A grave digger - slightly younger than 89 - competes in the Grave Digging Championships in Trencin, Slovakia, last week. CREDIT: AP PHOTO/RONALD ZAK
Jimmy Kickham, an 89-year-old business owner from Canada's Prince Edward Island, prompted a few raised eyebrows earlier this year with his decision to dig his own grave.
Mr Kickham used his own Massey Ferguson digger, which he bought 45 years ago, to excavate the hole at his local church while his seven children looked on.
“Perhaps I’m the only one in Canada who has done that at my age with my own backhoe and my own family,” he told the Guardian, adding: “I was kind of proud of what I was doing.”
The octagenarian owns his own construction firm, and for the last 50 years has dug countless trenches for sewer mains, power lines and the like. “I love digging," Mr Kickham told CBC. "Just one of those things that gets into your system. It’s just work. Money. No matter what they wanted dug, I could do it.”
Mr Kickham told the Guardian the process of digging his own grave was fairly swiftly accomplished.

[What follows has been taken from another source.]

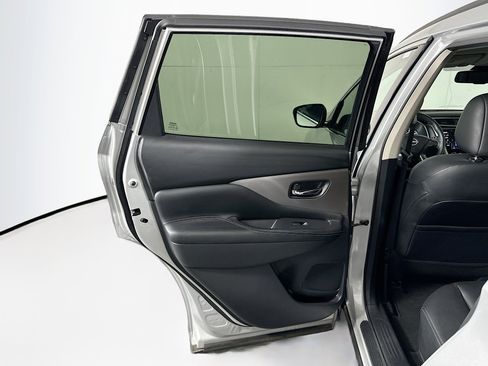 Used 2023 Nissan Murano SV image 26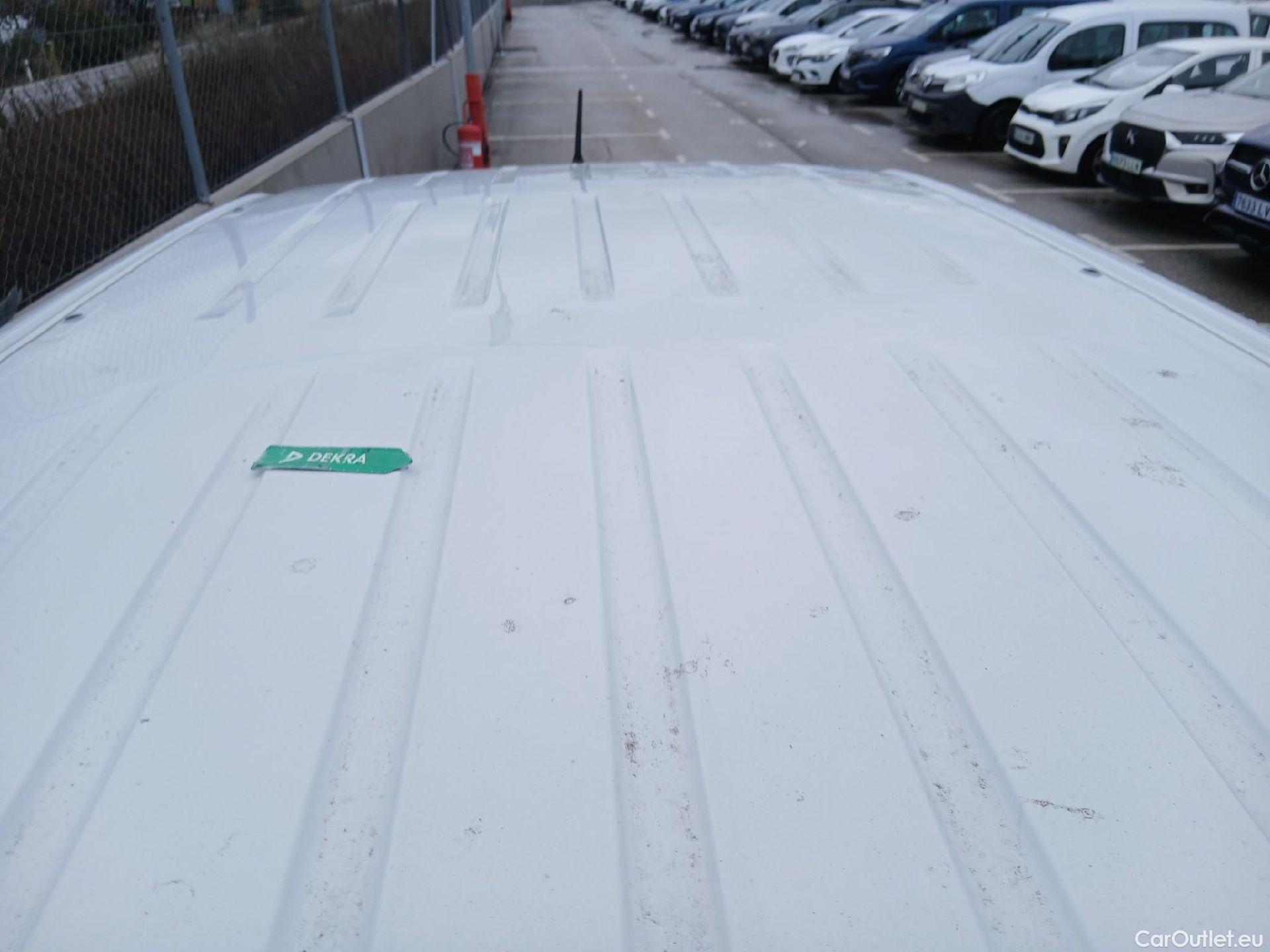  Citroen  Berlingo CITROEN  / 2018 / 4P / furgón derivado de turismo Talla M BlueHDi 100 #25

He and his family left home at around 6pm, and the job was done by approximately 7.45.
In that time he had not only dug the five-feet-deep hole, but also lowered in in a pine box, into which his coffin will eventually be placed, then covered it with a layer of soil.
When the time comes, he told CBC, he had wanted an old-fashioned burial “where a few days before the funeral, the grave would be dug and a pine box would be lowered into the hole and covered with the Island’s red clay." With some of the preliminary steps taken care of, his family will have a few less things to worry about.
Asked whether he thought other people would consider him strange for digging his own grave, Mr Kickham said: "Oh, there'll be a lot of them have some remarks about it, but if they're not talking about me, they'll be talking about somebody else."